About:

TK. Overeducated and shambolic writerling desperately trying to repackage teenage angst for the cloistered elite.

I also cook occasionally.

Wednesday, 20 April 2011

Wills and Kate (really? There MUST be a more inventive moniker) are generating a lot of newspaper inches these days, half of it about whether they should be getting said inches, and you might be surprised (or not) to hear my take on the royal nuptials. You see, I may be a quasi-libertine, occasionally atheistic houmous scoffer from North London, but this is one way in which I buck the trend.

I am not a republican.

Not for any practical reasons. Yes I like a strict division of Church and State, I like democracy, I like equality. But I also scrapbook, collect old photographs and letters, and on a purely sentimental level, there's something nice about tradition.

And after all, isn't that what the monarchy is? The opening of Parliament, the Queen's Speech on Christmas day. It's all pageantry, and none of it means anything, or helps anyone, but at the same time, there's something comforting about the repetition, the routineness of it. So, yeah, I like them. We don't spend, statistically, a huge proportion of taxpayers money on the monarchy.

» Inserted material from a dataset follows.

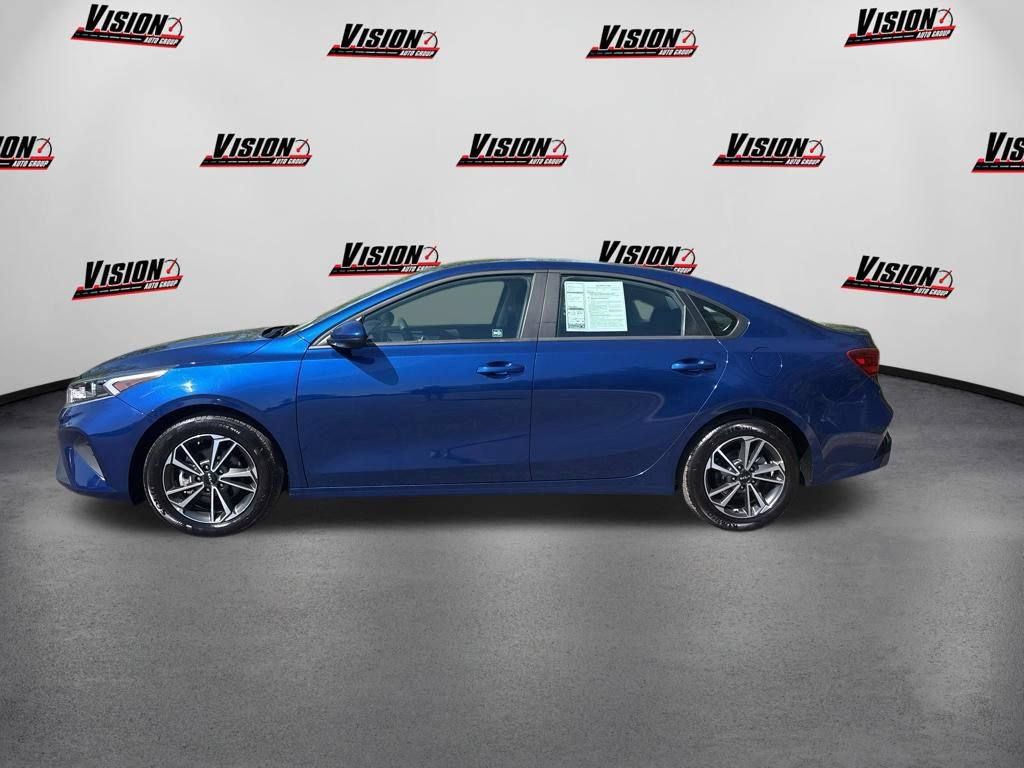 Certified 2023 Kia Forte LXS FWD image 10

The monarchy is an anachronism, but so is an antique chair over one from IKEA. Provided they have no constitutional power, I don't see the harm in a little harmless indulgence.

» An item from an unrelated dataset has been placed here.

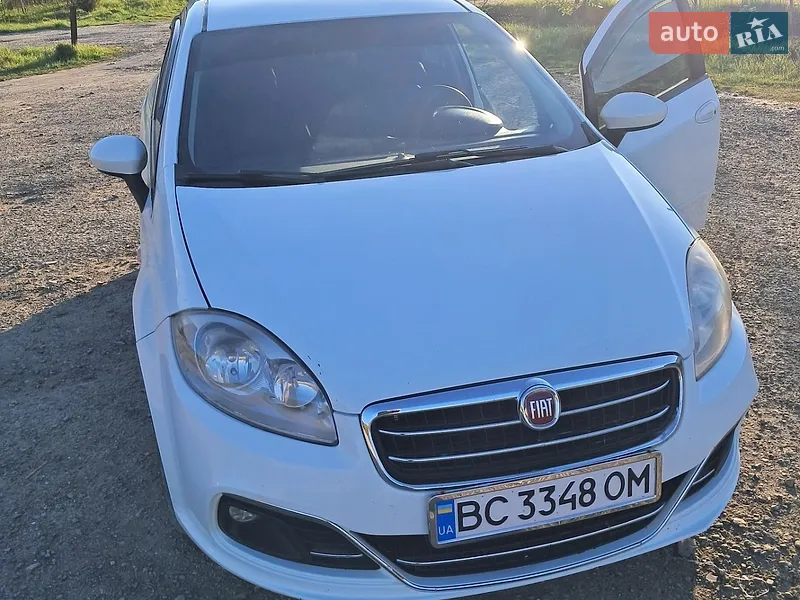 Fiat Linea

Now, vis a vis the Royal Wedding. Maj and the Middletons are paying for it, which is all well and dandy, but does it merit the attention we're giving it?

Probably not. It's two people getting married. They're probably not more in love, or more likely to succeed than any other couple. Their children are probably no more likely to be happy than anyone else. Why do we care? Why should we?

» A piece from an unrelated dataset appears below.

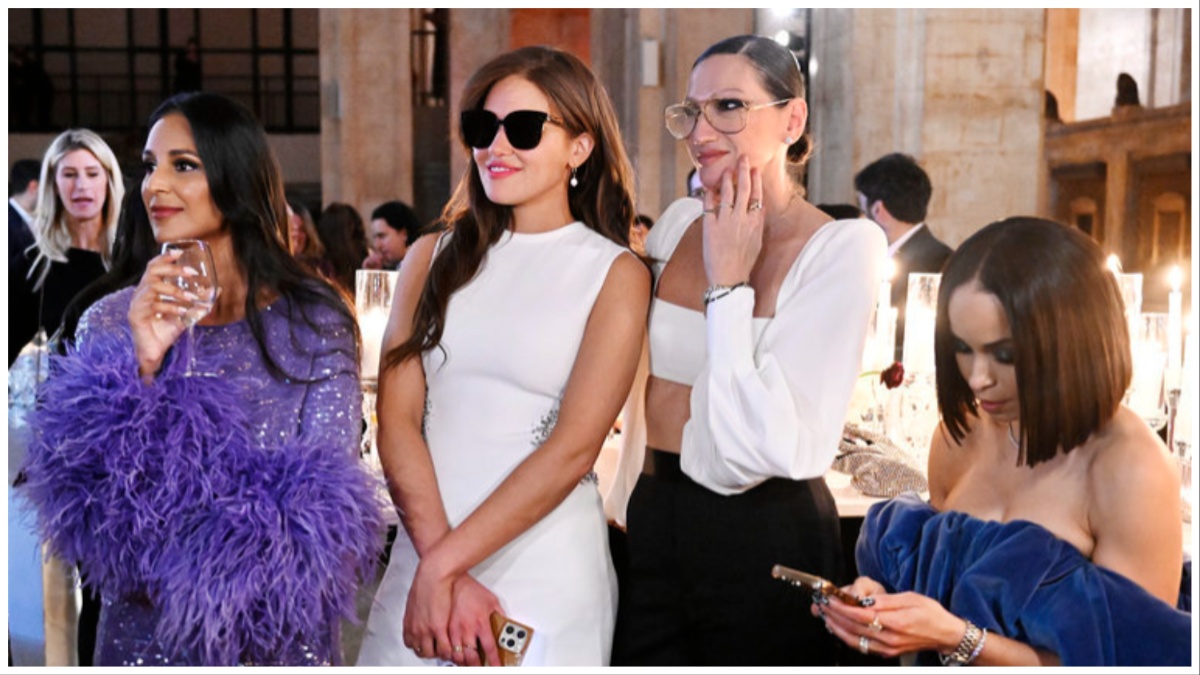 RHONY stars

Well, we shouldn't really. Not because William happens to be a prince. But we should care, because it's a wedding, because it's two people deciding that they're going to try and spend the rest of their lives together. That, for a lot of us, is a momentous decision, and we can throw a huge party for them, piss off work, and generally celebrate the fact that, yes, actually, there are people who are willing to bet on love lasting and life being worth living. And so what if we can't do it for everyone else who deserves it? We can for Wills and Kate.

As long as I don't have to buy any of the tacky wedding porcelain, I'm happy for the media to be as obsessed with the royal wedding as it wants to be. Sometimes a feel good piece is an end in itself.